Member of the Provincial Assembly of the Punjab
- In office 2008–2015
- In office 1988–1999

Personal details
- Born: 7 June 1946
- Died: 8 November 2015 (aged 69)
- Party: PMLN (2008-2015)
- Other political affiliations: PML-Q (2001-2008) PMLN (1997-1999) PPP (1993-1996) PMLN (1990-1993) Islami Jamhoori Ittehad (1988-1990) Pakistan Muslim League (1985-1988) PPP (1977-1985)
- Children: Syeda Sonia Ali Raza Shah (daughter) Syed Hussain Raza Shah (son)

= Makhdoom Syed Ali Raza Shah =

Pakistani politician

Syed Ali Raza Shah (7 June 1946 – 8 November 2015) was a Pakistani politician who was a Member of the Provincial Assembly of the Punjab, from 2013 until his death in 2015.

==Political career==
He was elected to the Provincial Assembly of the Punjab in 1977 Pakistani general election as a candidate of Pakistan Peoples Party.

He was elected to the National Assembly of Pakistan as well in 1985 Pakistani general election.

He was re-elected to the Provincial Assembly of the Punjab as a candidate of Islami Jamhoori Ittehad in 1988 Pakistani general election.

He was re-elected to the Provincial Assembly of the Punjab as a candidate of Islami Jamhoori Ittehad in 1990 Pakistani general election.

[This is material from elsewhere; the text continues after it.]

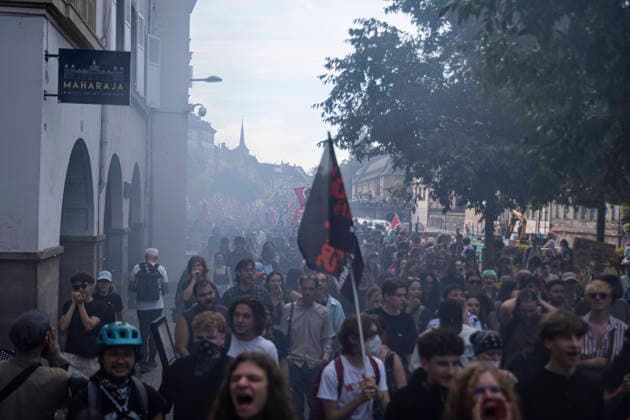 NEWS: Greve dans la fonction publique a Strasbourg. 29 09 2026 Manifestation des agents de la fonction publique a Strasbourg, le 29 septembre 2026, dans le cadre d une journee nationale de greve et de mobilisation. Le cortege est parti de la place Kleber et a defile dans les rues du centre-ville avant de rejoindre la place de la Republique.  Copyright: xelyxandroxcegarrax
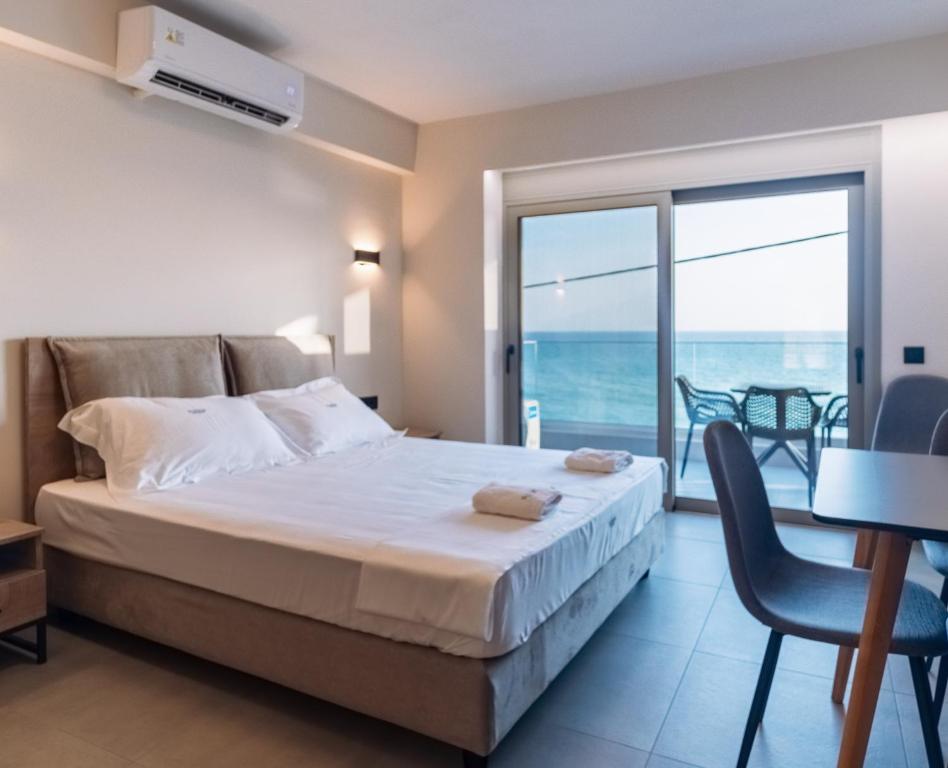Postel nebo postele na pokoji v ubytování Elysium Seaside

He was re-elected to the Provincial Assembly of the Punjab in 1993 Pakistani general election as a candidate of Pakistan Peoples Party.

He was defeated on the seat of Provincial Assembly of the Punjab in 1997 Pakistani general election.

His son Syed Hussain Raza Shah was elected to the Provincial Assembly of the Punjab in 2002 Pakistani general election on PML-Q ticket.

He was re-elected to the Provincial Assembly of the Punjab as a candidate of Pakistan Muslim League (Nawaz) from Constituency PP-89 (Toba Tek Singh-VI) in 2008 Pakistani general election.

He was re-elected to the Provincial Assembly of the Punjab as a candidate of Pakistan Muslim League (Nawaz) from Constituency PP-89 (Toba Tek Singh-VI) in 2013 Pakistani general election.